I began dropping hints.
But David appeared not to understand my hints in the least!
I said before him how base in my eyes was the man who having a friend and understanding all that was meant by that sacred sentiment “friendship,” was yet so devoid of generosity as to have recourse to deception; as though it were possible to conceal anything.
As I uttered these last words I laughed scornfully.
But David did not turn a hair. At last I asked him straight out: “What did he think, had our watch gone for some time after being buried in the earth or had it stopped at once?”
He answered me: “The devil only knows! What a thing to wonder about!”
I did not know what to think! David evidently had something on his mind ... but not the abduction of the watch. An unexpected incident showed me his innocence.
XVI
One day I came home by a side lane which I usually avoided as the house in which my enemy Trankvillitatin lodged was in it; but on this occasion Fate itself led me that way. Passing the open window of an eating - house, I suddenly heard the voice of our servant, Vassily, a young man of free and easy manners, “a lazy fellow and a scamp,” as my father called him, but also a great conqueror of female hearts which he charmed by his wit, his dancing and his playing on the tambourine.

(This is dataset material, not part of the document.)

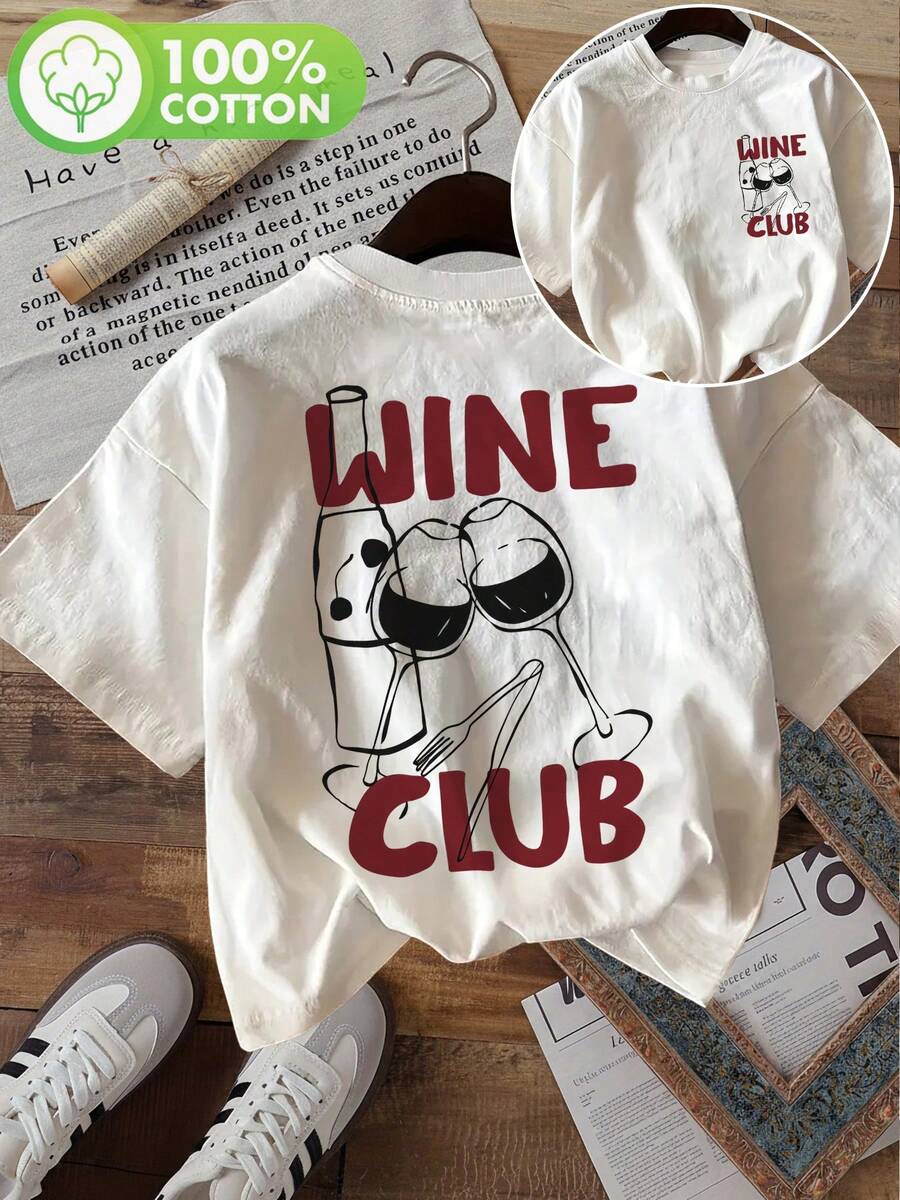| Exquisite Design | Loose And Comfortable | Easy To Match | [Double-Sided Print] Women's Summer Clothes, Short Sleeve, Vintage Style, Text, Wine Glass Print, Round Neck, Pure Cotton Short Sleeve T-Shirt [LangK] - 白色 - 查看 1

“And what do you suppose they’ve been up to?” said Vassily, whom I could not see but heard distinctly; he was, most likely, sitting close by, near the window with a companion over the steaming tea - - and as often happens with people in a closed room, spoke in a loud voice without suspecting that anyone passing in the street could hear every word: “They buried it in the ground!”
“Nonsense!” muttered another voice.
“I tell you they did, our young gentlemen are extraordinary! Especially that Davidka, he’s a regular Aesop! I got up at daybreak and went to the window.... I looked out and, what do you think! Our two little dears were coming along the orchard bringing that same watch and they dug a hole under the apple - tree and th
ere they buried it, as though it had been a baby! And they smoothed the earth over afterwards, upon my soul they did, the young rakes!”
“Ah! plague take them,” Vassily’s companion commented. “Too well off, I suppose. Well, did you dig up the watch?”
“To be sure I did. I have got it now. Only it won’t do to show it for a time. There’s been no end of a fuss over it. Davidka stole it that very night from under our old lady’s back.”
“Oh - - oh!”
“I tell you, he did. He’s a desperate fellow. So it won’t do to show it. But when the officers come down I shall sell it or stake it at cards.”